Prix littéraire·roman ado

Les errantes (2022)

Auteure : Jo Witek

Editeur : Actes Sud

Pages : 320

Sélection officielle du Prix Vendredi 2022.

Suzanne s’installe temporairement au sixième étage d’une résidence haussmannienne, désertée de ses résidents en vu de travaux imminents. Si l’étage semble assez tranquille, Suzanne découvre qu’elle n’en est pas la seule résidente. Saskia, artiste estonienne, habite l’une des chambres durant son année d’étude à Paris. Encore plus discrète, la fille des propriétaires, Anne-Lise, est installée dans une troisième chambre, fuyant sa famille et refusant le confort et les avantages d’un milieu aisé qui, sous des apparences trompeuses, cache des actes dénués de piété, des actes odieux, voir criminels. Ces trois jeunes filles n’ont visiblement rien en commun, mais sont pourtant bientôt réunies par une même expérience surnaturelle qui les confronte à des apparitions fantomatiques venues les hanter et les poursuivre jusque dans l’intimité de leurs rêves.
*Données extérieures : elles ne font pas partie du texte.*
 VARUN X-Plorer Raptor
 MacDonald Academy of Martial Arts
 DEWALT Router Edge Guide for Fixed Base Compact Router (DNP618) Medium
J’ai découvert Jo Witek récemment dans des romans drôles et frais, écrits pour un public relativement jeune (Une photo de vacances, Y’a pas de héros dans ma famille). Je la redécouvre dans Les errantes, un récit fantastique qui pioche dans le genre horrifique pour nous faire frissonner et le genre historique pour nous faire découvrir des femmes oubliées. La première partie se concentre sur la présentation des jeunes filles et de leur première expérience avec le surnaturelle. Cela a été pour moi une épreuve glaçante qui m’a fait frissonner comme je ne l’avais plus ressentie depuis longtemps (notamment parce que j’évite tout ce qui fait un tant soit peu peur – oui je suis une trouillarde). Si Anne-Lise entend des voix, Saskia voit littéralement cette femme d’un autre temps partout où elle va. Mais l’expérience de Suzanne est certainement la plus effrayante ; entre rêves et possessions, la streameuse vit l’expérience traumatisante qu’a autrefois vécu l’esprit qui la hante comme si elle la vivait elle-même, portant à son retour, des stigmates physiques de ses « voyages dans l’au-delà ».

La seconde partie s’ancre d’avantage dans le réel, les jeunes filles décidant d’affronter leurs peurs pour retrouver leur vie en partant à la rencontre de ces errantes qui les habitent. Et c’est clairement cette deuxième moitié du roman qui m’a le plus captivé. L’auteure fait se côtoyer le fantastique et l’historique dans un récit profondément féministe qui place l’entraide comme élément moteur d’une démarche qui vise à sauver trois personnes de peurs profondément ancrées dans un questionnement plus vaste sur la place des femmes dans un monde créé par et pour les hommes. Suzanne, Saskia et Anne-Lise font preuve d’un magnifique esprit de sororité pour s’entraider, mais aussi pour apaiser les âmes tourmentées de ces femmes d’un autre temps, entravées par des croyances ou des normes sociales imposées par les hommes qui enfermaient les femmes dans un carcan étriqué.

Les errantes est donc un récit féministe qui emprunte les codes d’un genre littéraire plus largement porté par des hommes pour interroger l’héritage reçu des femmes qui nous ont précédé et sur le rôle que l’on a à jouer pour leur redonner la place qu’elles méritent. Magnifiquement portée par trois jeunes femmes fortes et déterminées, l’histoire met en avant des femmes ayant réellement existées ou inspirées de femmes ayant existées, des femmes restées longtemps oubliées auxquelles Jo Witek rend un hommage vibrant d’émotions.

***

Suzanne, une streameuse survoltée, Saskia, une artiste en proie au découragement, et Anne-Lise, une jeune fille pétrie de spiritualité et en décalage avec son époque, cohabitent au dernier étage d’un immeuble bourgeois. Des apparitions fantomatiques et surnaturelles sèment la peur dans l’appartement.

5 commentaires sur “Les errantes (2022)

    1. Oui c’est un peu la surprise de ce roman. Je pensais que ce serait vraiment fantastique/horrifique alors que cela va bien plus loin.